**TASK PROMPT**: Nothing but the lines from the one containing "Картина под названием" through the last line of the data below should be returned, each exactly as it stands, pictures excluded.

**SUPPLIED MATERIAL**:

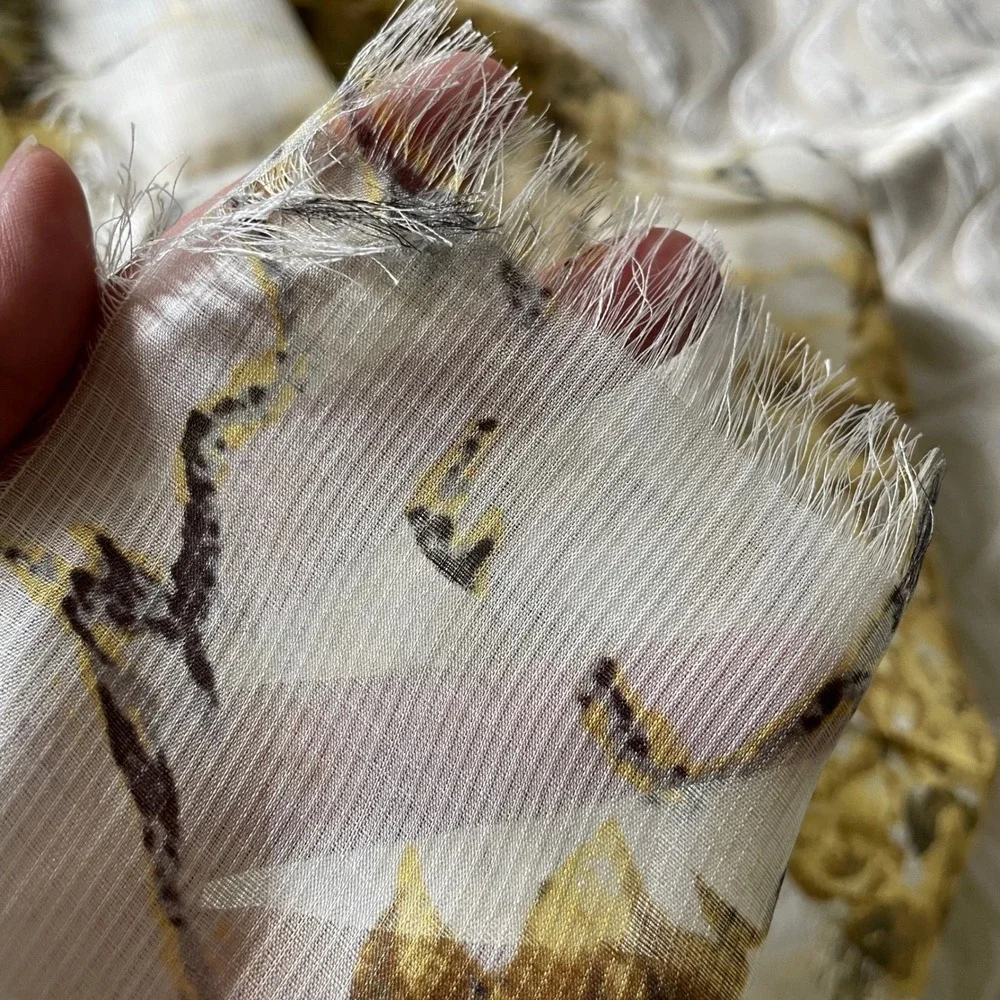 Large mustard yellow Floral scarf Shawl Wrap Lightweight Silk‎ 46.5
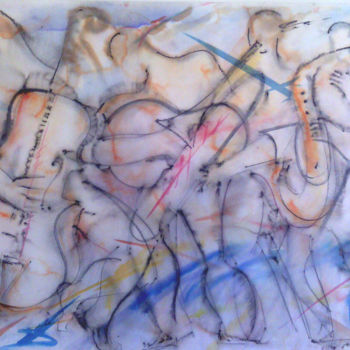 Картина под названием "Orchestra-2" - Lezer Manole, Подлинное произведение искусства, Акварель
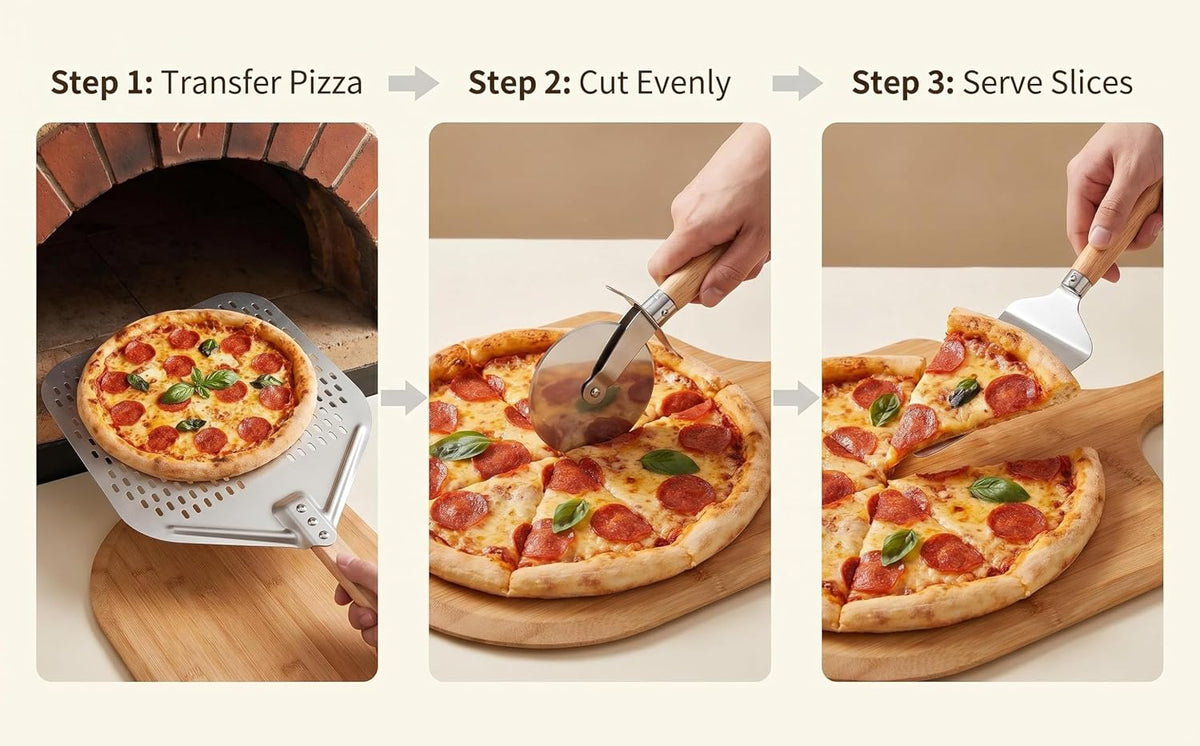 Perforated Pizza Peel Set, 12 x 14 Inch Stainless Steel Paddle with Detachable Wood Handle, Includes Peel, Cutter and Turner, 3 Piece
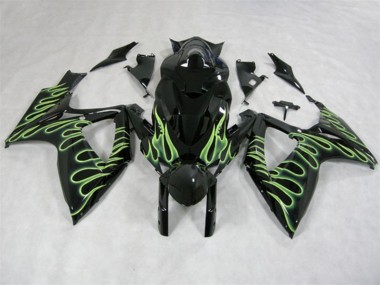 GSXR 600 K6 2006-2007 Motorrad Verkleidungen - Schwarz Grün Flamme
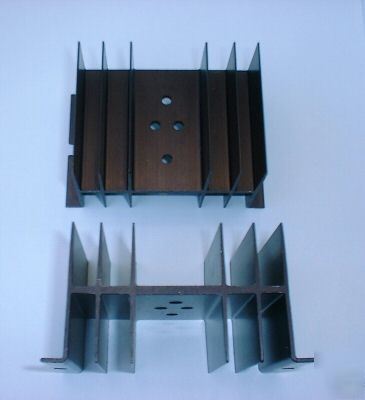 2 x TO3 transistor anodised heatsinks 53 x 63 x 84MM 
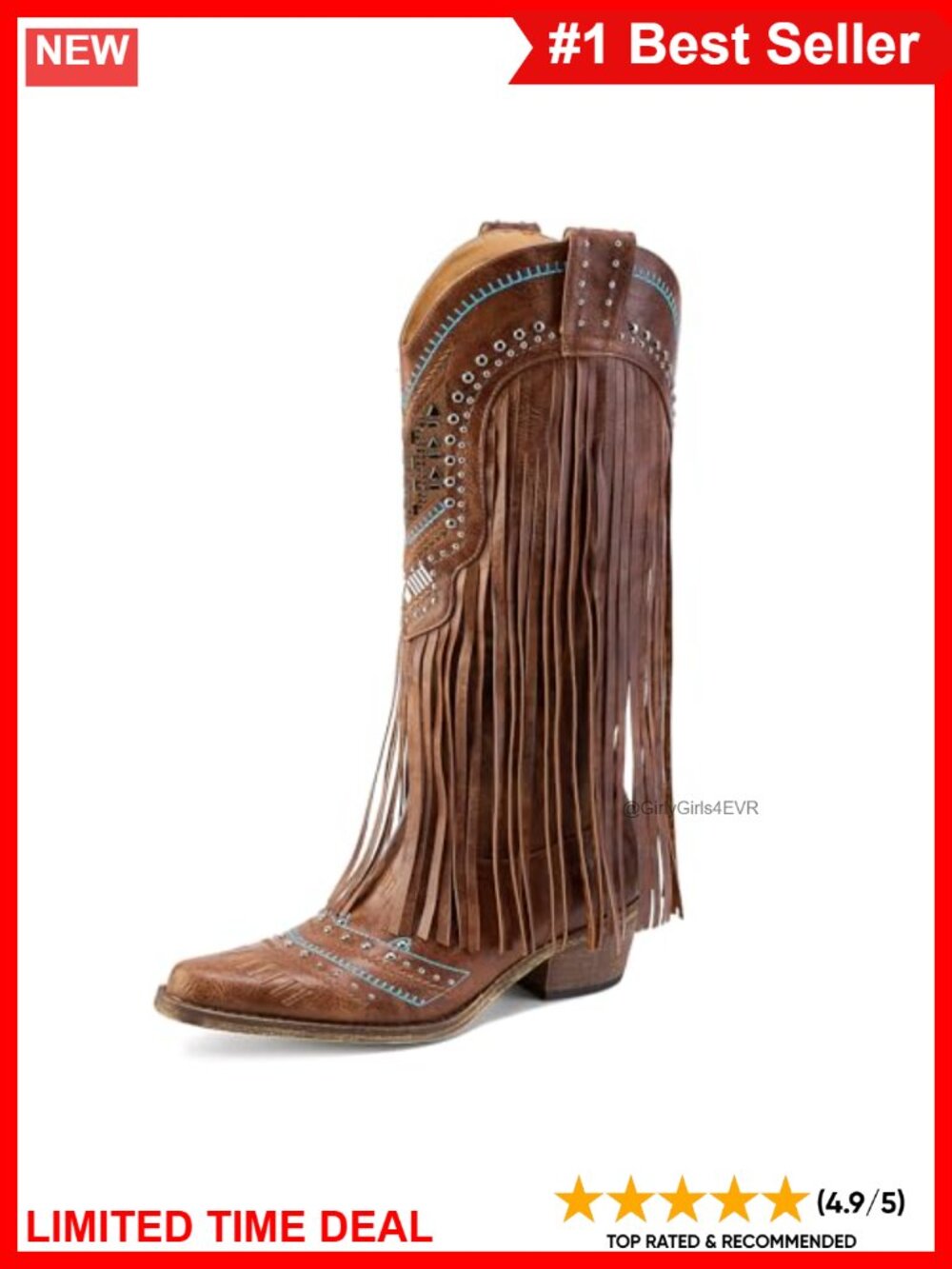 Faux Leather Fringe Cowboy Boots Pull On Mid Calf Chunky Heel Western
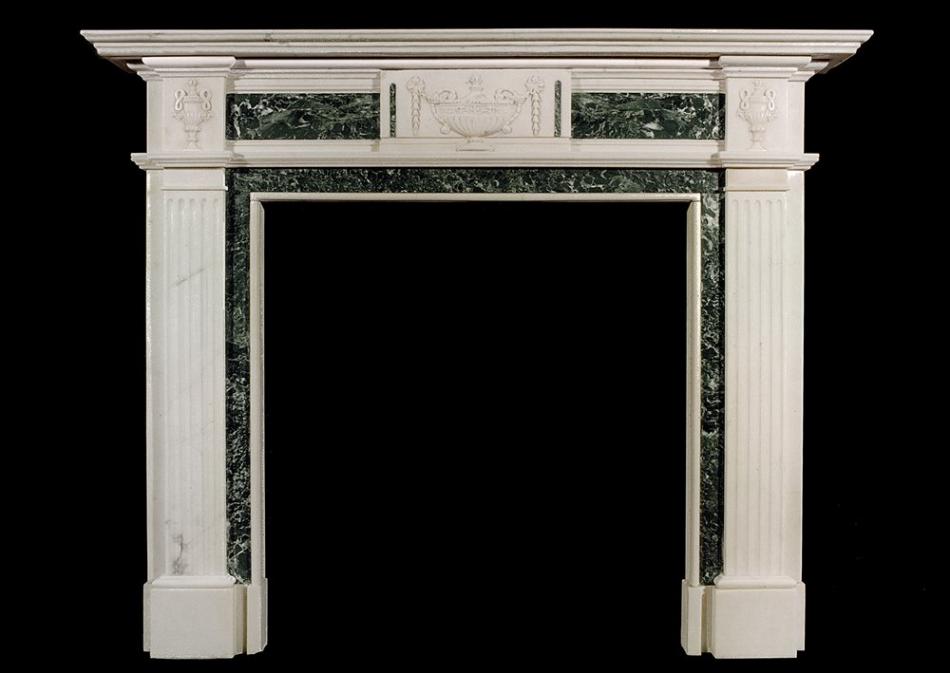 An English Georgian style Statuary and Tinos Green antique marble fireplace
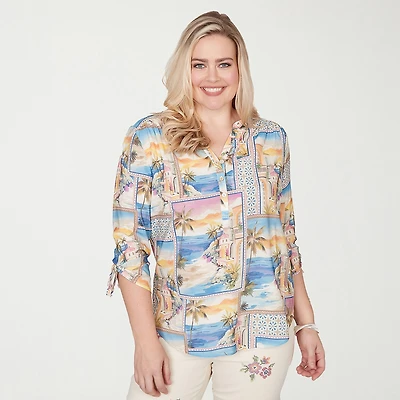 Alfred Dunner Beachcomber Womens V Neck 3/4 Sleeve Blouse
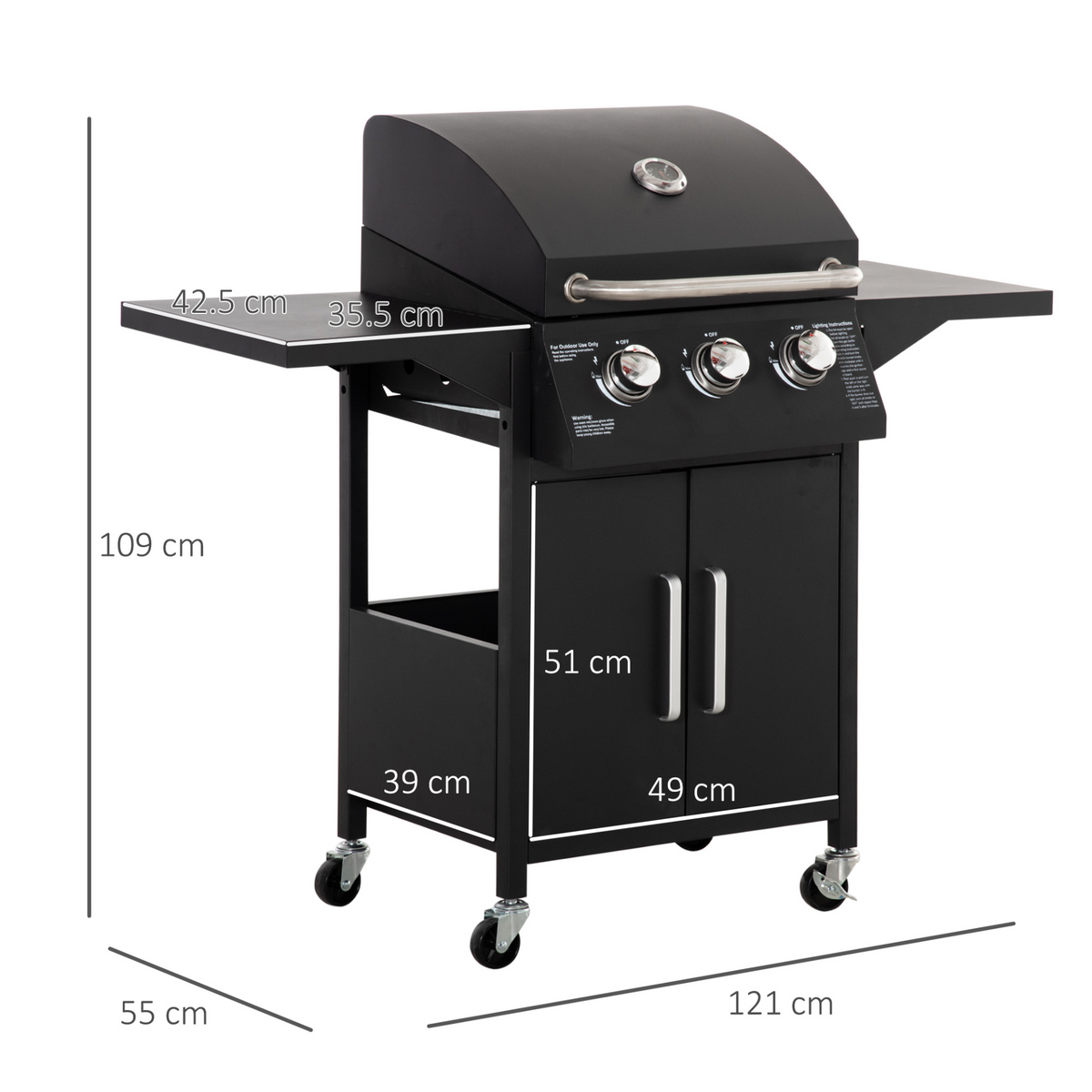 Outsunny 3 Burner Gas BBQ Grill Outdoor Portable Barbecue Trolley with Warming Rack, Side Shelves, Storage Cabinet, Thermometer, Carbon Steel, Black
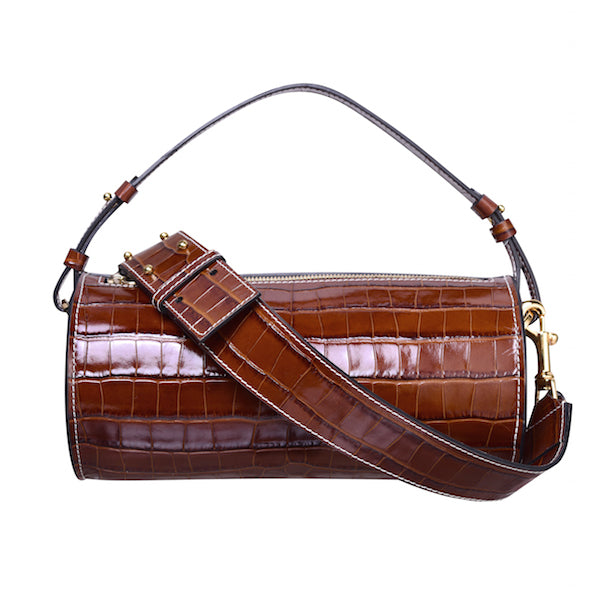 CNicol Brown Croc Leather Bag 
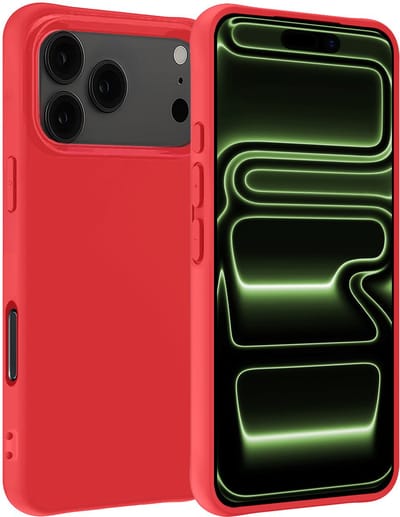 Hoesje Geschikt voor iPhone 17 Pro / 18 Pro - Sterk & Shockproof - Hoes Cover - Siliconen Case - Rood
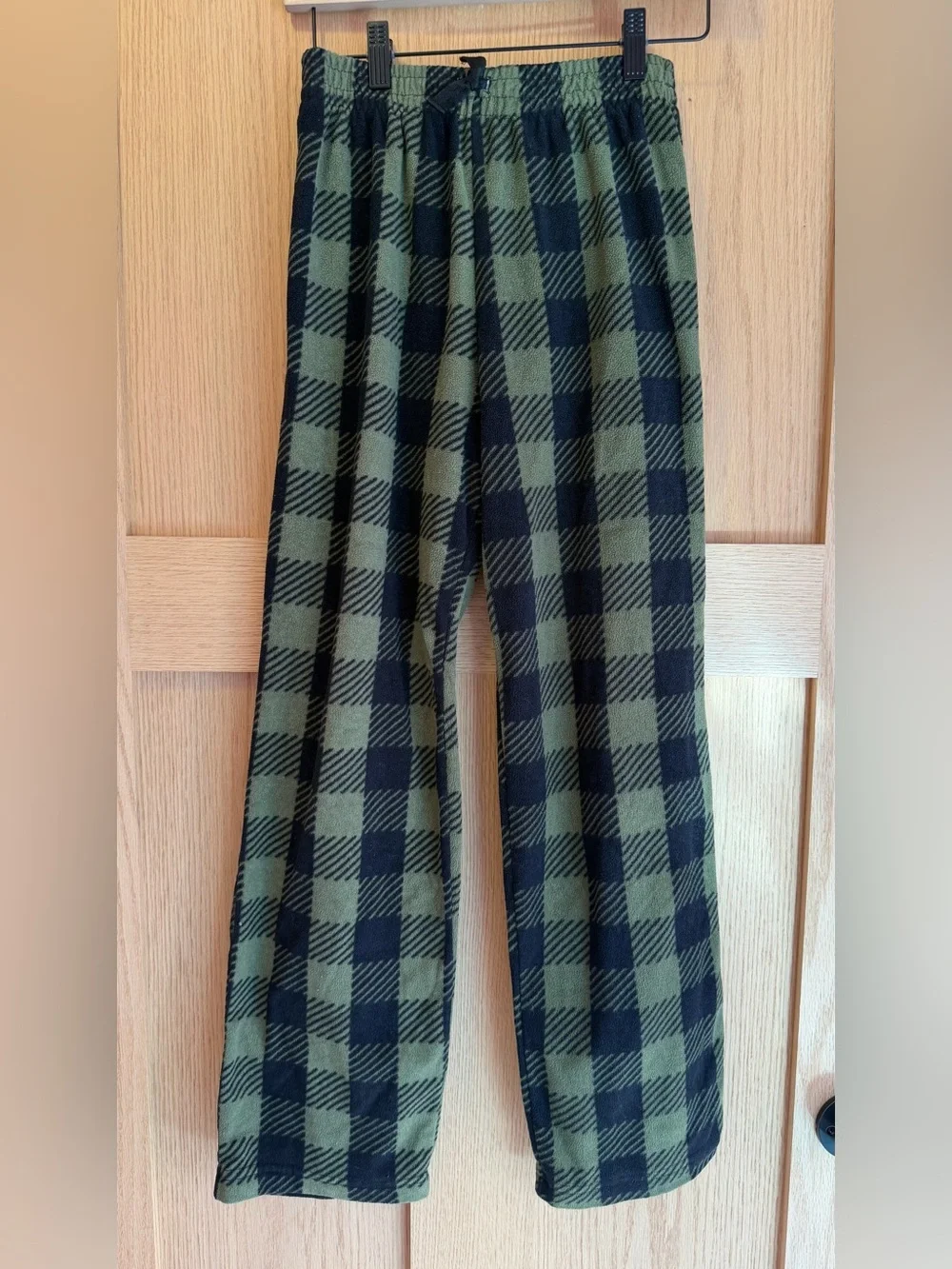 Kids Plaid Jogger Pants in Olive Green and Black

**REPLY TO THE EXERCISE**:
 Картина под названием "Orchestra-2" - Lezer Manole, Подлинное произведение искусства, Акварель
 Perforated Pizza Peel Set, 12 x 14 Inch Stainless Steel Paddle with Detachable Wood Handle, Includes Peel, Cutter and Turner, 3 Piece
 GSXR 600 K6 2006-2007 Motorrad Verkleidungen - Schwarz Grün Flamme
 2 x TO3 transistor anodised heatsinks 53 x 63 x 84MM 
 Faux Leather Fringe Cowboy Boots Pull On Mid Calf Chunky Heel Western
 An English Georgian style Statuary and Tinos Green antique marble fireplace
 Alfred Dunner Beachcomber Womens V Neck 3/4 Sleeve Blouse
 Outsunny 3 Burner Gas BBQ Grill Outdoor Portable Barbecue Trolley with Warming Rack, Side Shelves, Storage Cabinet, Thermometer, Carbon Steel, Black
 CNicol Brown Croc Leather Bag 
 Hoesje Geschikt voor iPhone 17 Pro / 18 Pro - Sterk & Shockproof - Hoes Cover - Siliconen Case - Rood
 Kids Plaid Jogger Pants in Olive Green and Black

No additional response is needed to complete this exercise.